These Amazing Shadows

Directed by Paul Mariano and Kurt Norton
Written by Paul Mariano and Kurt Norton
Run Time: 88 minutes
MPAA Rating: Unrated

www.theseamazingshadows.com

Do you remember That’s Entertainment from the 1970s, that cavalcade of clips from popular MGM movies? While being marketed as a documentary, Mariano and Norton’s These Amazing Shadows is kind of like that. It’s really a long commercial promotion for The National Film Registry, and not nearly half as fun as That’s Entertainment. It’s more like what People magazine might do with the task of pitching the project which the very serious and august National Film Registry has been appointed to undertake.

Instantly recognizable clips, in sound-bite size portions are strewed about this film, interspliced with an impressive collection of film authorities talking about films they championed to be added to the Registry.
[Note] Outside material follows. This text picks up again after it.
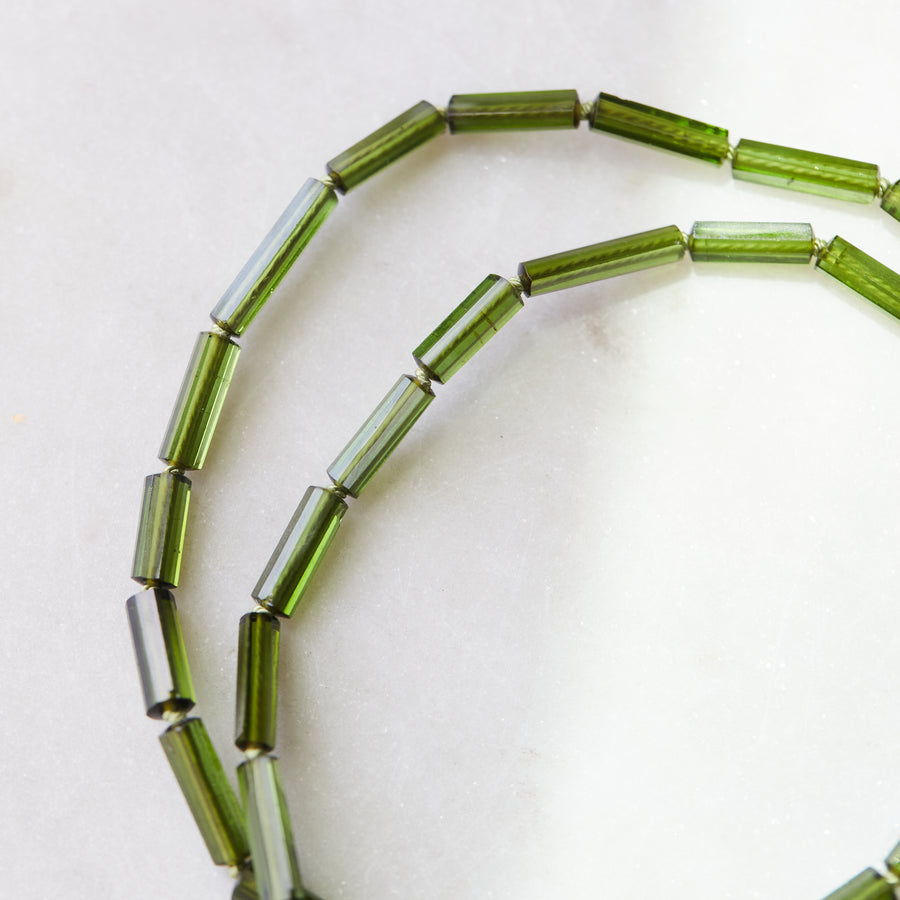 Green tourmaline strand with gold clasp by Hannah Blount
This is a education lite, explaining in Cliff Notes fashion the reasoning behind both obvious and less obvious choices of films for inclusion. The good news is the Registry has initiated an impressive cataloging of a diverse range of films (some 550 films to date), including documentaries, experimental films, industrial and commercial films, even the rare home movie (such as home movies from a Japanese interment camp during World War II, or the scenes of small-town Minnesota of a bygone era, with a feel of Edward Weston’s photographs come to life).

The National Film Preservation Act of 1988 created the National Registry to identify and preserve films of national significance, based on “culturally, historically, or aesthetically” criteria. The Library of Congress, under advisement of input from professionals and the general public, selects twenty-five films each year for this honor. In just under a quarter century the Registry has gone a long way in creating a motion-picture collective historical memory for the nation. Race relations, women in filmmaking, and propaganda, including outright risible lies told by past films are preserved here.
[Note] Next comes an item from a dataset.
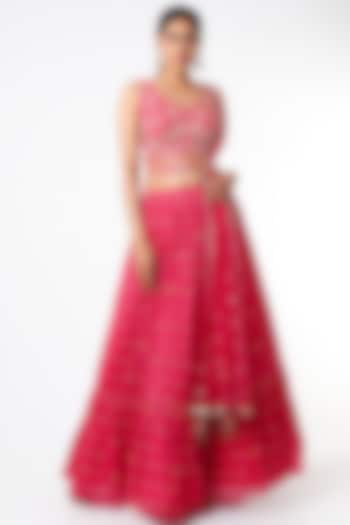 Hot Pink Embroidered Tiered Lehenga Set by Jiya by Veer Designs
Movie buff and the most casual of film-goer alike will find him or herself touched from deep within, resonating personal reflections, as the most familiar clichés of cinemagraphic history appear. Awareness of the Film Registry’s excellent work is good news. Mariano and Norton’s job in telling it is, lamentably, weak—too bad they were so focused on the marketers in the room, and not the scholars and experts, whom they interviewed in the making of this film, or the cineaste, who is most likely to watch such a documentary. Or maybe, they were pitching this film to Congress, who foots the bill for the Registry’s work?